Whether refried, baked, slow cooked, in a soup or in a burrito, thin and runny beans are problematic in any recipe. Thickening the beans holds them together, when improves the outcome of your dish. There are several ways and techniques to thicken beans.
Simmer down the liquid in which you cook the beans. Using more liquid than is necessary to cook the beans make any bean dish thin, watery and unappetizing. Simmering away the liquid on a medium-low setting dries up the dish while adding flavor. Since you don't want to lose any of the seasonings and spices, add them after the excess liquid simmers off.

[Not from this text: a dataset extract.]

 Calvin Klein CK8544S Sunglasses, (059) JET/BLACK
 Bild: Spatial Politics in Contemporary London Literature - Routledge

Mash the beans since there's plenty of naturally occurring starch inside them. Making refried beans is an example of thickening using the starch inside the beans. Use a potato masher or ladle to mash some of the beans, starting with a quarter cup. The starch inside the beans holds water, letting your dish take on the thickness. The secret ingredient here is heat: without heat, the starch clumps and little thickening takes place Continue heating the beans on low while you mash them until you get the desired thickness.

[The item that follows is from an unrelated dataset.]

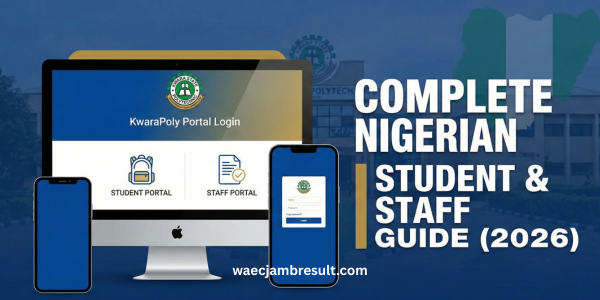 KwaraPoly Portal Login 2026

Add starch. If you want to keep your beans intact, use a commercial starch instead of mashing the beans. Mix a bit of cornstarch and water to make a slurry, and gradually whisk it into the liquid surrounding the beans. Beurre manié, a combination of fat and starch, can be used to thicken liquid-based bean dishes, such as a black bean soup. Kneed equal parts of flour and soft butter together, add it to the liquid, and whisk it in thoroughly.